The timezone for the Expires header always needs to be GMT.
Add expires headers recommendation in Pingdom
The Pingdom speed test tells you whether add an Expires header could improve the performance on your website.
You can also use other tools like the DebugBear page speed test or PageSpeed Insights to check whether caching will make your website faster.
That way you can also see what specific resources could be optimized.
How to set an Expires header
The concrete steps you need to take to add the Expires header to responses depend on your hosting infrastructure.
For example, if your website is an Express.js app, you can add the header like this:
// Cache for 30 days
const expireAfterMs = 30 * 24 * 60 * 60 * 1000;
const expiresAt = new Date(Date.now() + expireAfterMs);
res.set("Expires", expiresAt.toUTCString());
Or, if you have an Apache .htaccess
file, you can add new headers like this:
<IfModule mod_expires.c>
ExpiresActive on
ExpiresDefault "access plus 0 seconds"
ExpiresByType text/javascript "access plus 30 days"
</IfModule>
Better page speed with cached responses
After adding an Expires header, your website will provide better performance for any subsequent page views. We can test this by enabling the Warm Load setting in DebugBear.

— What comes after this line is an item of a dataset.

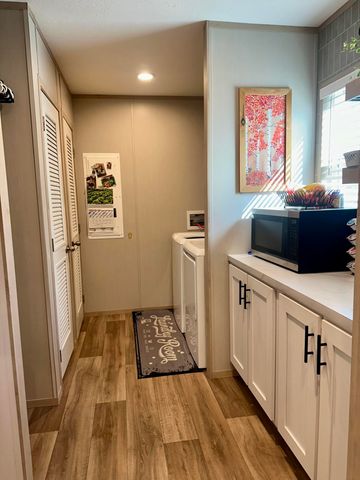 1192 Fount Hubbard Road, London, KY 40741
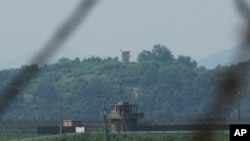 2023年7月20日，在韩国坡州市看到的朝鲜军事哨所（背景）和韩国哨所（正面）。（美联社照片）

On the subsequent page load content appears much earlier than before. The jquery.js
request in the request waterfall now no longer needs to be downloaded from the server and loads practically instantly.
We can also see a big improvement in our website performance metrics. For example, the Largest Contentful Paint score dropped from 2.8 seconds to 1.1 seconds.

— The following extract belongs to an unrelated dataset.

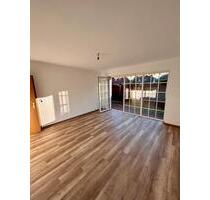 Helle 3-Zimmer Wohnung, Südterrasse Aurich-Wallinghausen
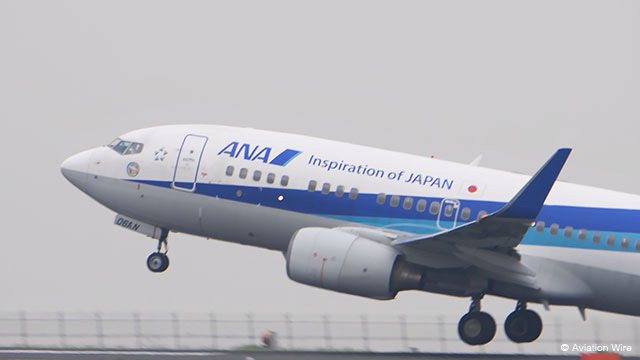 ビクタービルへ向け羽田を離陸するANAの737-700 6号機JA06AN＝21年7月6日 PHOTO: Tadayuki YOSHIKAWA/Aviation Wire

Faster website speed doesn't just provide a better visitors experience but also impacts Google rankings.
Expires vs. cache-control
The cache-control header is a more modern alternative to the Expires header. It provides more control of where content can be cached and what the caching logic should look like.
Rather than telling the browser until when to store the resource, you instead say how many seconds the resource should be cached for.
Cache-Control: 2592000
In most cases you should prefer the cache-control header to Expires. If a cache-control max-age
value is set then browser will ignore the Expires header.
Enable caching in Wordpress
If you have a Wordpress sites you can enable caching in a number of different ways, for example by editing your server configuration directly or by installing a caching plugin.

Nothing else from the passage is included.